» YOUR INSTRUCTIONS: From the records below, transcribe exactly the lines that begin at the line with "Casablanca NBLP 7025" and end at the line with "2019 GMC Yukon SLT", both included.

⁂

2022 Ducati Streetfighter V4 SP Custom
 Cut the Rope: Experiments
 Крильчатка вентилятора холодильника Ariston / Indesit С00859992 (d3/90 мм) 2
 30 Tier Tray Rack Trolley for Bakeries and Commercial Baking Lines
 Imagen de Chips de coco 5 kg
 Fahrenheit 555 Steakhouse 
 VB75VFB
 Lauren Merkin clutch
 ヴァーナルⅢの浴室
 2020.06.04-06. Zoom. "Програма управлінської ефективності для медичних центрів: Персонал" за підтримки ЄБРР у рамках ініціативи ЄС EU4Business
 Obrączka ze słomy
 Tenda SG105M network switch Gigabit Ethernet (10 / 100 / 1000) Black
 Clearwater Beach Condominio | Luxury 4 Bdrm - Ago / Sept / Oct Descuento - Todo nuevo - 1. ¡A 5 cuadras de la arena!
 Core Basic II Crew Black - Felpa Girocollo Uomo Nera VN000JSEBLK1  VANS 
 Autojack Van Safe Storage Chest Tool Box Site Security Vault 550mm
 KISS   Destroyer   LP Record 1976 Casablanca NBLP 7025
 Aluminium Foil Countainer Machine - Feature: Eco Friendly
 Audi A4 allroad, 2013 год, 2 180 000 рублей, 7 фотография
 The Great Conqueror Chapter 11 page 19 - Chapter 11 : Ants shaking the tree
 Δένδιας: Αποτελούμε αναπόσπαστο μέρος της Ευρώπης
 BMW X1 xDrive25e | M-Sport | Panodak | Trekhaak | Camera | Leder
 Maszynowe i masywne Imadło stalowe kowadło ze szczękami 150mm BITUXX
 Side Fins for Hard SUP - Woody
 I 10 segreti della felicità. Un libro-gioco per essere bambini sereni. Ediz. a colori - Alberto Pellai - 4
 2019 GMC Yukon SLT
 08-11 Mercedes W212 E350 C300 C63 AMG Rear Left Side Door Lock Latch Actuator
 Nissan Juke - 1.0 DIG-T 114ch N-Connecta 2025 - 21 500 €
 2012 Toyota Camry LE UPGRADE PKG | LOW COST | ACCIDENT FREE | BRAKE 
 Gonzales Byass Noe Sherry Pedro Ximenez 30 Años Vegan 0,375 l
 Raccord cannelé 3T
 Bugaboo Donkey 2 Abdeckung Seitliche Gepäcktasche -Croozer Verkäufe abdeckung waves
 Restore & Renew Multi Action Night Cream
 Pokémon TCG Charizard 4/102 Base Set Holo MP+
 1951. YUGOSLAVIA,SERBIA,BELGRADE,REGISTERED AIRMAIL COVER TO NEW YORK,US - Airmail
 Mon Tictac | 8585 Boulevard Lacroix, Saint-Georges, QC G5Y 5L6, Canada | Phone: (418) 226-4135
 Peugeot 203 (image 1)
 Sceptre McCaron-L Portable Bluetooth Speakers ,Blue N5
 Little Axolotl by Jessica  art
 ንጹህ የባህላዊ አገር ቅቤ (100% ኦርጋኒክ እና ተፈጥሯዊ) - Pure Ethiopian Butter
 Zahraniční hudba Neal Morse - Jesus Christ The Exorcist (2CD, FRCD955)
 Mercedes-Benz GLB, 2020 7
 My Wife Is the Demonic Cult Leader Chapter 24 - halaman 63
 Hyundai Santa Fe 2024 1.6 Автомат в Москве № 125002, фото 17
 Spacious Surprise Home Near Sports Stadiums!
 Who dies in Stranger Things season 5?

⁂

» ANSWER FOR THIS EXERCISE:
 KISS   Destroyer   LP Record 1976 Casablanca NBLP 7025
 Aluminium Foil Countainer Machine - Feature: Eco Friendly
 Audi A4 allroad, 2013 год, 2 180 000 рублей, 7 фотография
 The Great Conqueror Chapter 11 page 19 - Chapter 11 : Ants shaking the tree
 Δένδιας: Αποτελούμε αναπόσπαστο μέρος της Ευρώπης
 BMW X1 xDrive25e | M-Sport | Panodak | Trekhaak | Camera | Leder
 Maszynowe i masywne Imadło stalowe kowadło ze szczękami 150mm BITUXX
 Side Fins for Hard SUP - Woody
 I 10 segreti della felicità. Un libro-gioco per essere bambini sereni. Ediz. a colori - Alberto Pellai - 4
 2019 GMC Yukon SLT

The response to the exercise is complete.